** Task instructions **
Extract every line between the one with "Headlamps 18000lumens Led" and the end of the entries, both included, word for word and free of pictures.

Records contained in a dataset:

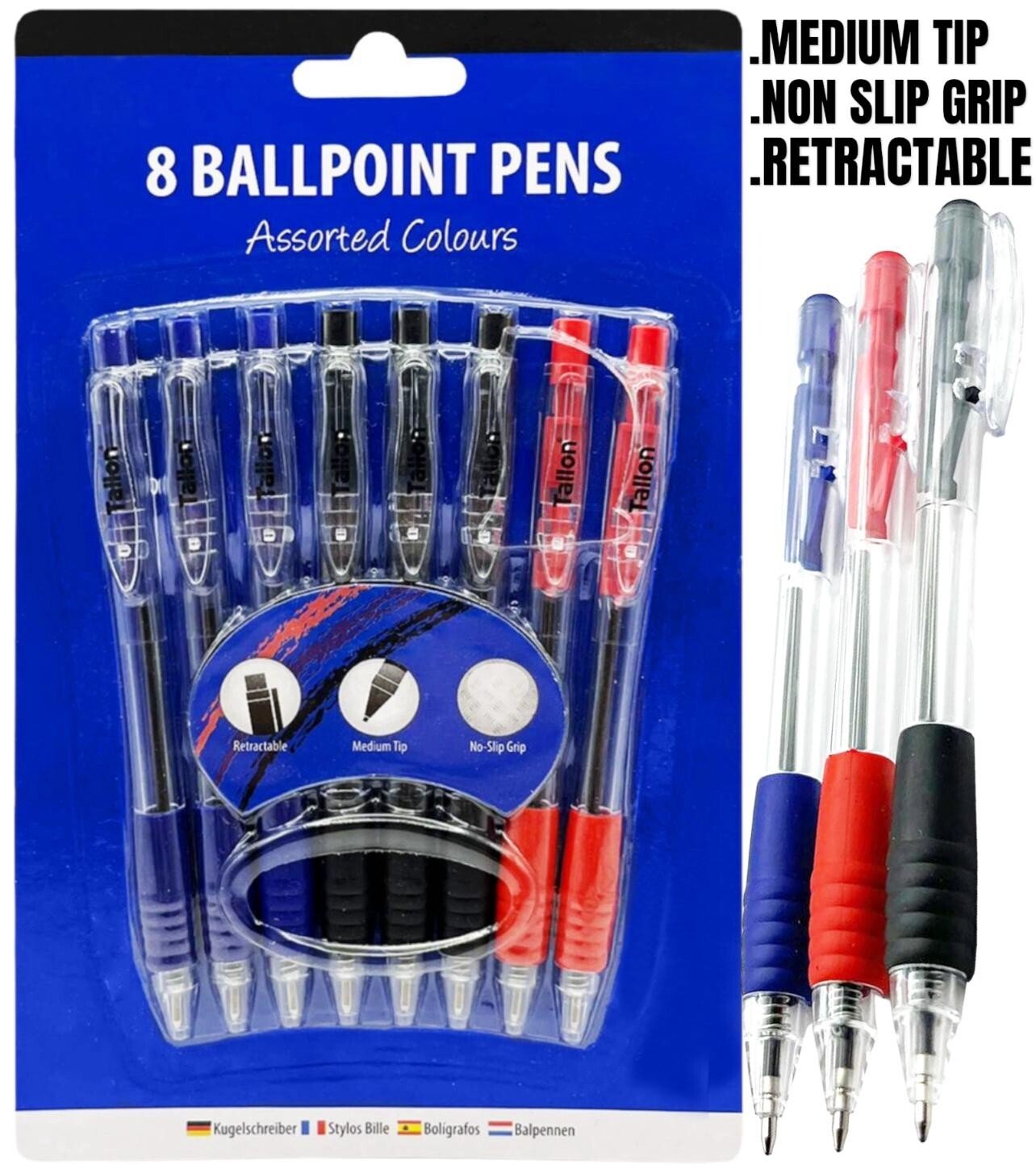 8 Ballpoint Pens Set High Quality Soft Non-Slip Grip Medium Ball Point Pen Biros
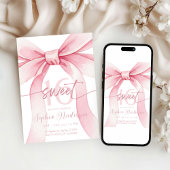 Blush Pink Bow Sweet 16 Invitation Einladung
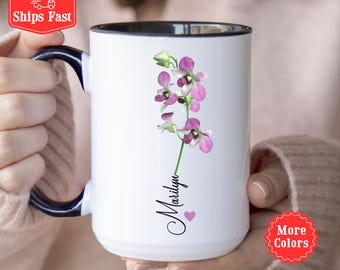 Caneca com Orquídea e Nome Personalizado, Caneca de Café com Orquídea para Pedido de Madrinha, Caneca Floral, Presente para o Dia das Mães, Presente Botânico
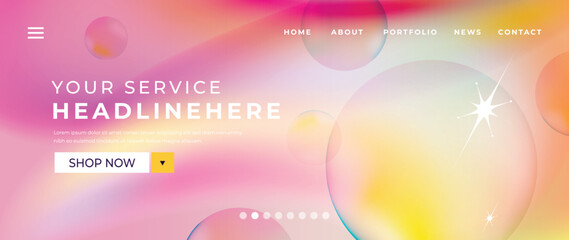 Website page gradient background vector. Modern digital wallpaper with vibrant gradient color dynamic, circle, sparkle bubble. Futuristic landing page design for commercial, advertising, branding.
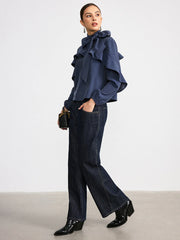 Tie Neck Ruffled Detail Faux Denim Shirt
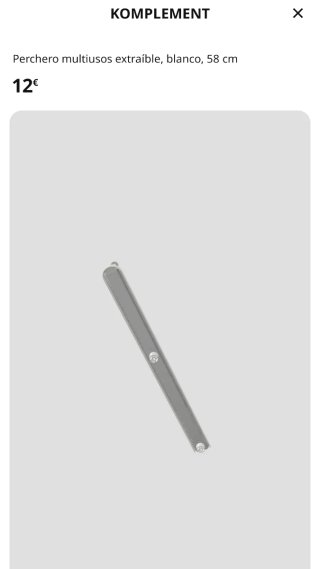 Perchero Komplement Ikea extraíble 58cm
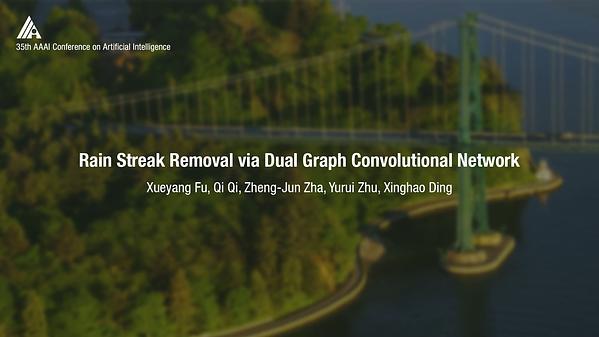 Rain Streak Removal via Dual Graph Convolutional Network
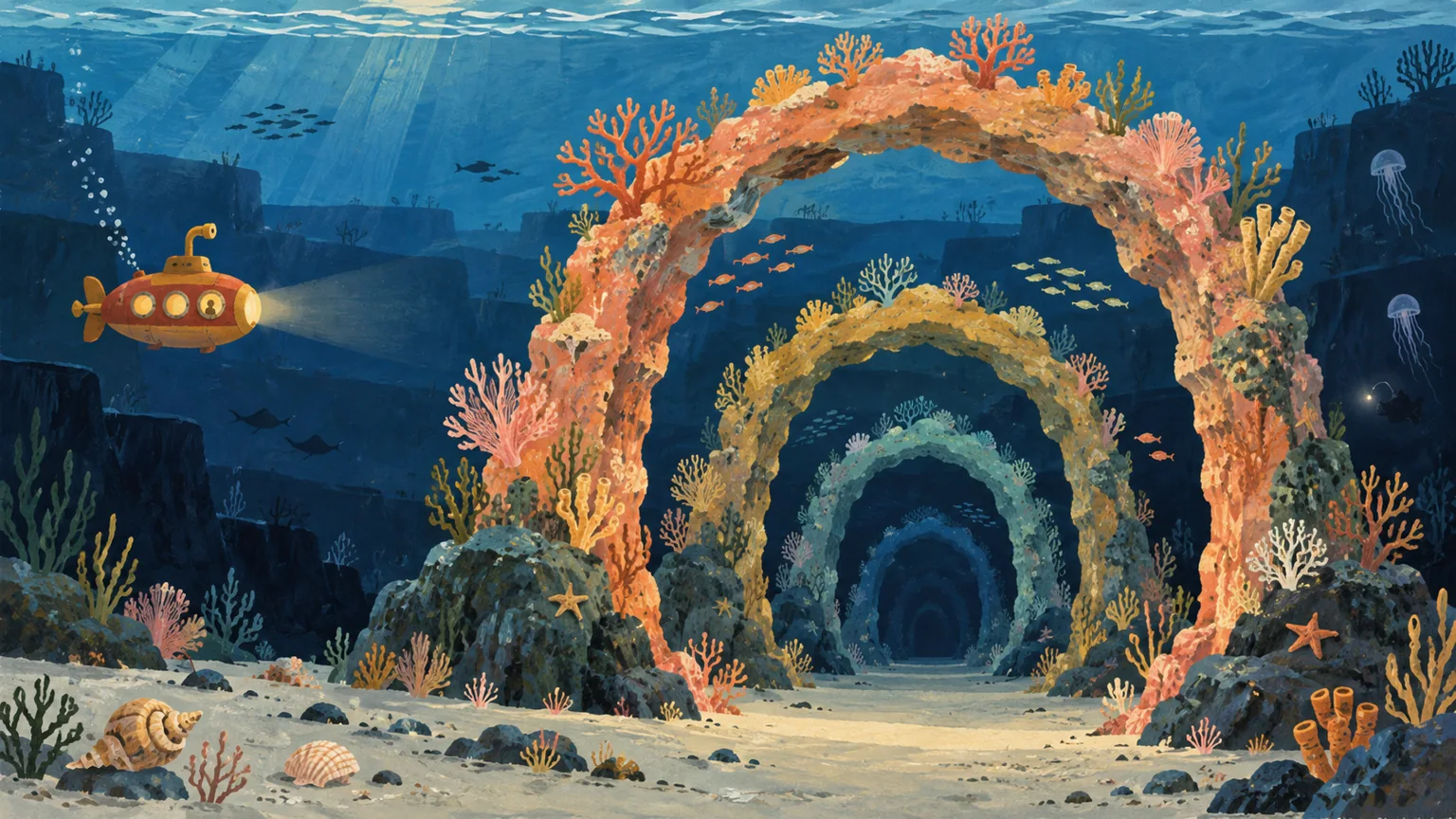 An original painted submarine expedition through glowing coral arches beneath a midnight-blue sea.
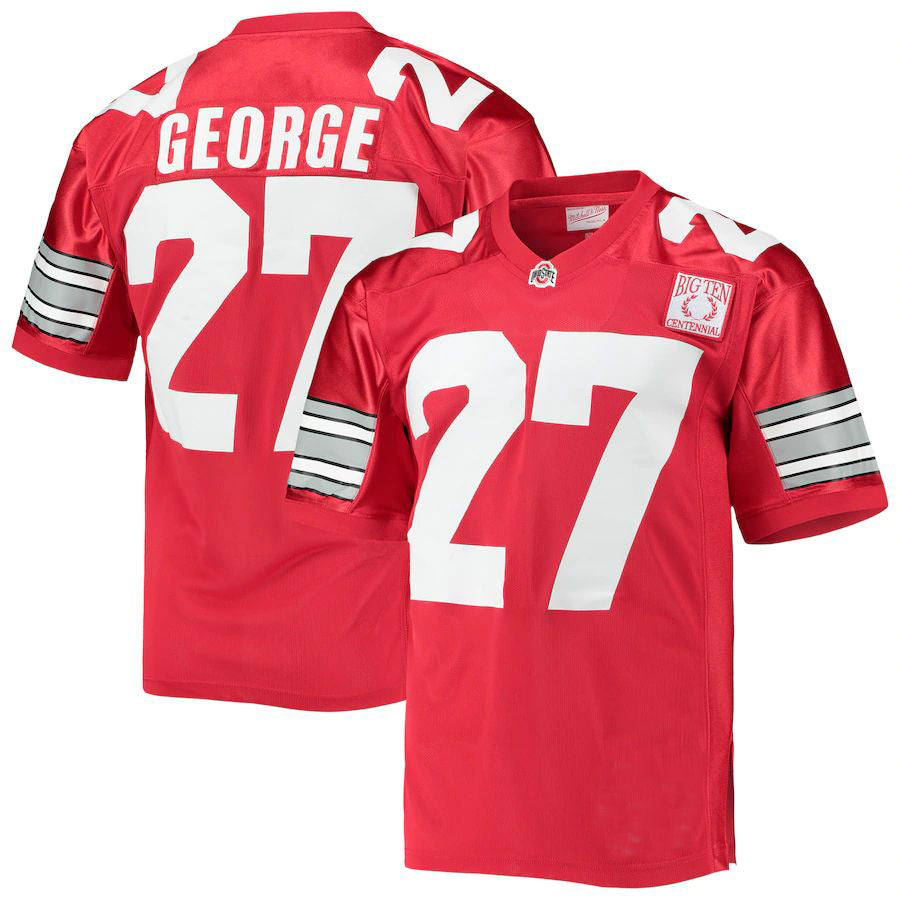 Custom #27 Scarlet 1995 Throwback Football Shirt Top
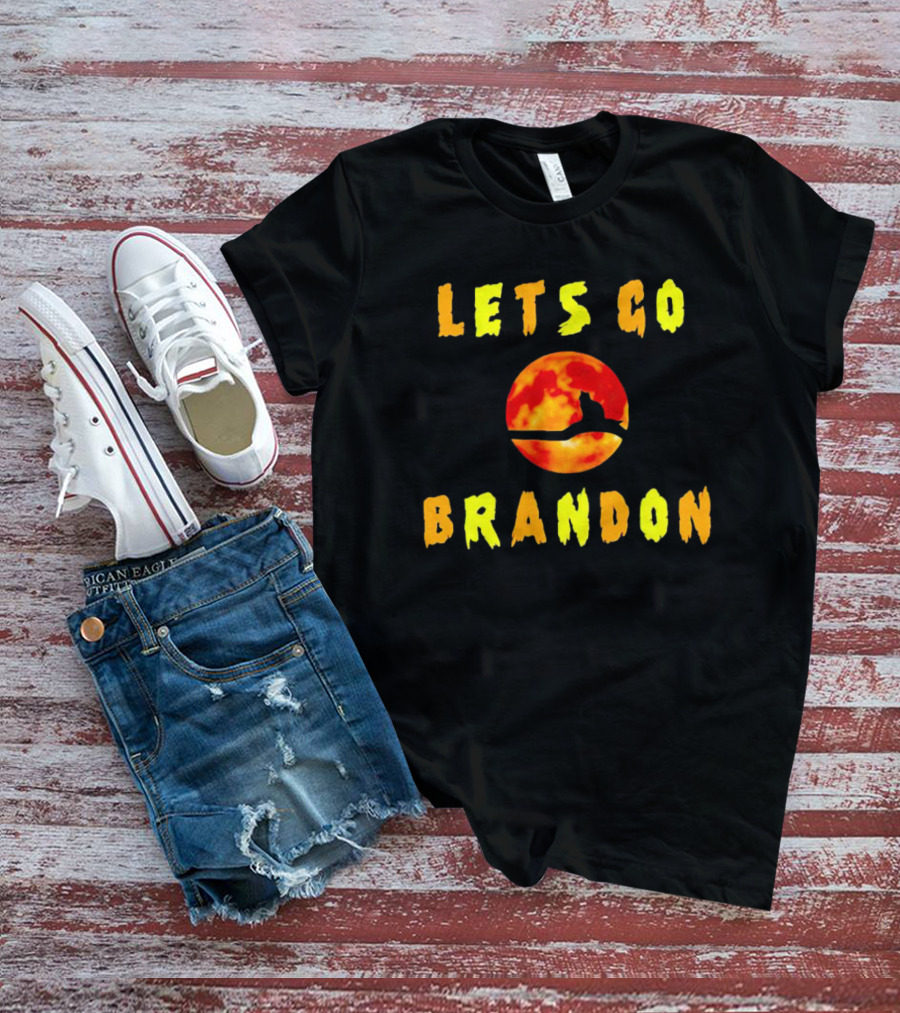 Lets Go Brandon Cat Halloween Moon T-Shirt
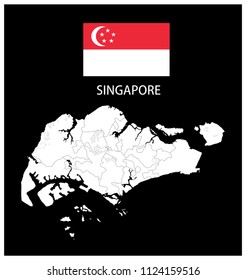 Map and National flag of Singapore, Map Of Singapore With Flag Isolated On Black Background, Vector Illustration Flag and Map of Singapore for continue.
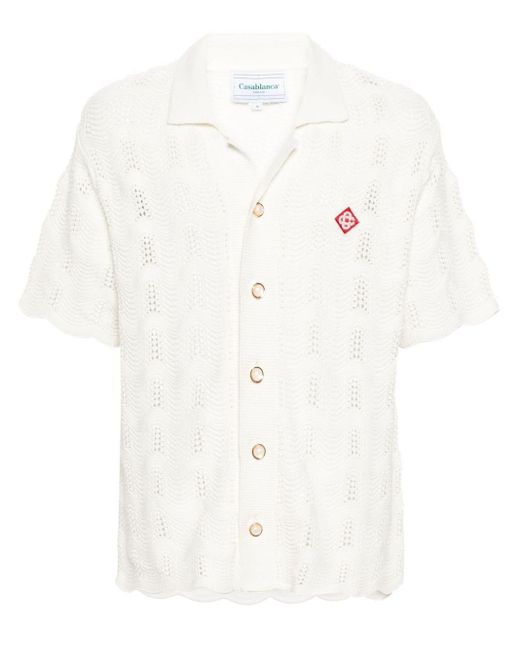 Casablancabrand White Wavy Gradient Crochet Shirt for men
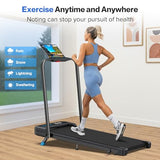 Foldable Treadmill with 10% Incline, 4 in 1 Compact Walking Pad Treadmill with Handle Bar for Home Small Spaces, 3.0HP Portable Quiet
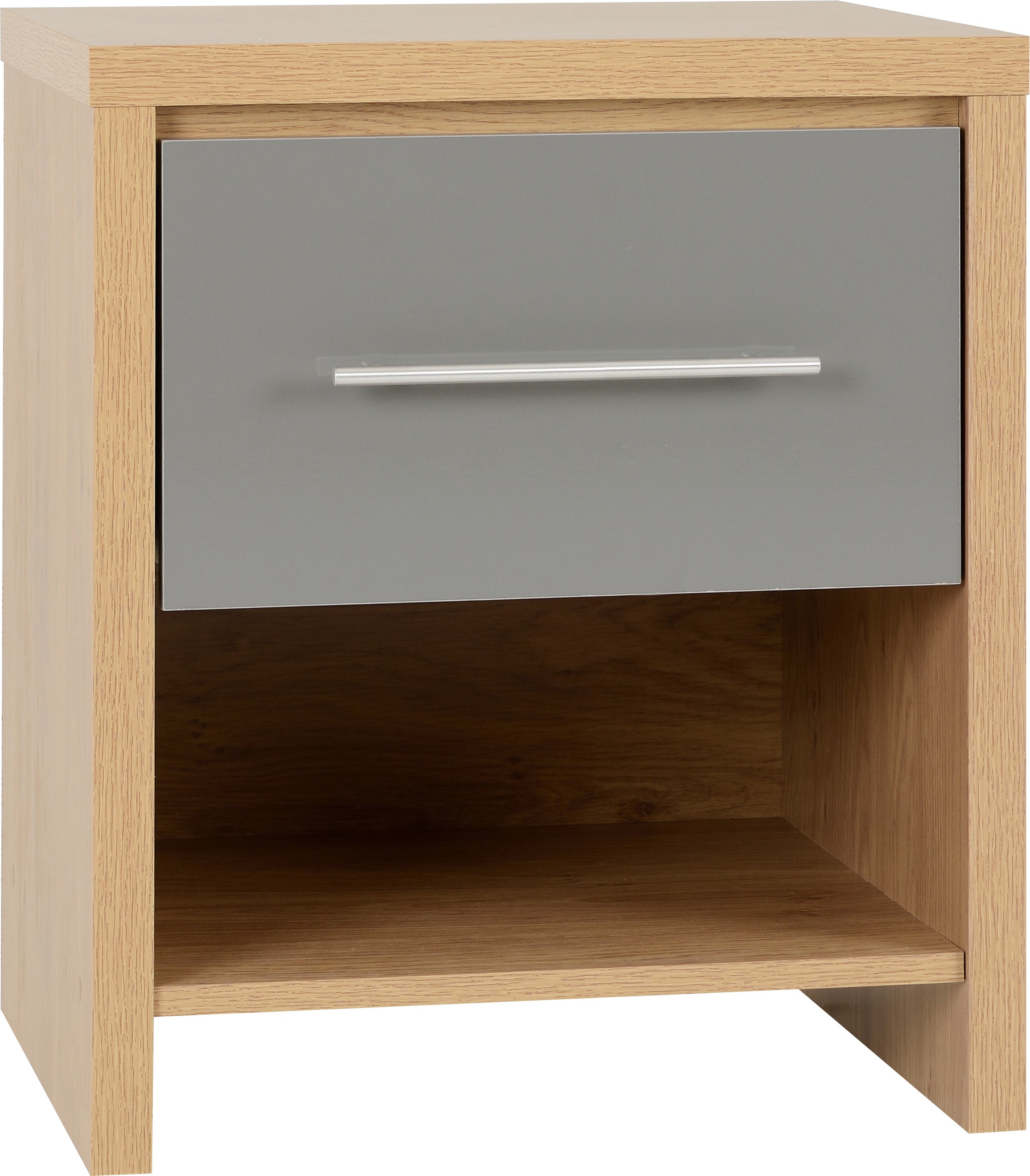 SEVILLE 1 DRAWER BEDSIDE - GREY GLOSS/LIGHT OAK EFFECT VENEER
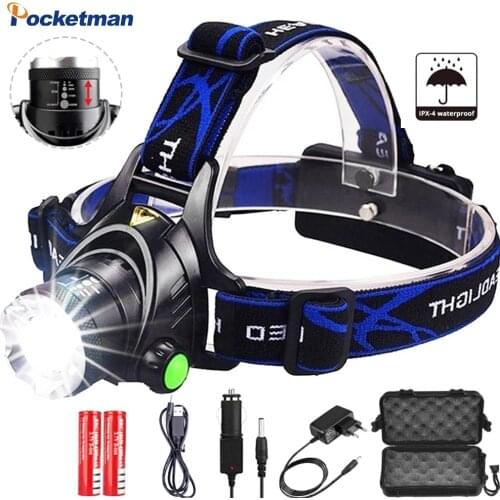 Headlamps 18000lumens Led Headlamp L2/T6/V6 Zoomable Headlight Head Torch Waterproof Lamp by 18650 battery for Fishing Hunting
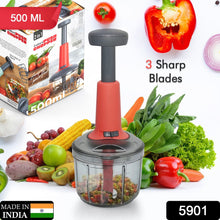 Matte Finish Hand Press Chopper with 3 Blades for Easy Vegetable & Fruit Chopping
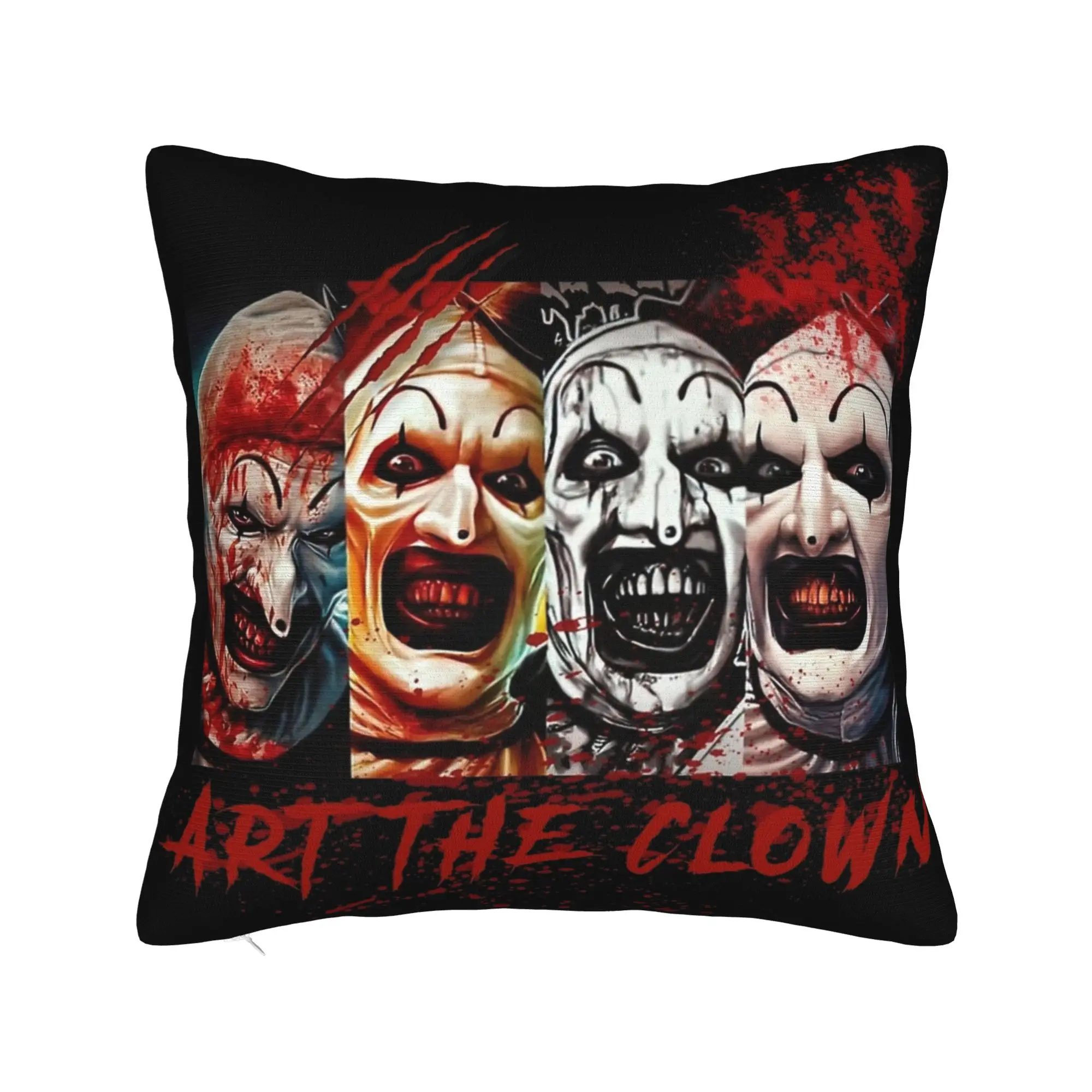 Art The Clown Bloody Terrifier Pillowcase Printing Cushion Cover Decoration  Throw Pillow Case Cover Seat Zipper 45*45cm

** Output of the task **
 Headlamps 18000lumens Led Headlamp L2/T6/V6 Zoomable Headlight Head Torch Waterproof Lamp by 18650 battery for Fishing Hunting
 Matte Finish Hand Press Chopper with 3 Blades for Easy Vegetable & Fruit Chopping
 Art The Clown Bloody Terrifier Pillowcase Printing Cushion Cover Decoration  Throw Pillow Case Cover Seat Zipper 45*45cm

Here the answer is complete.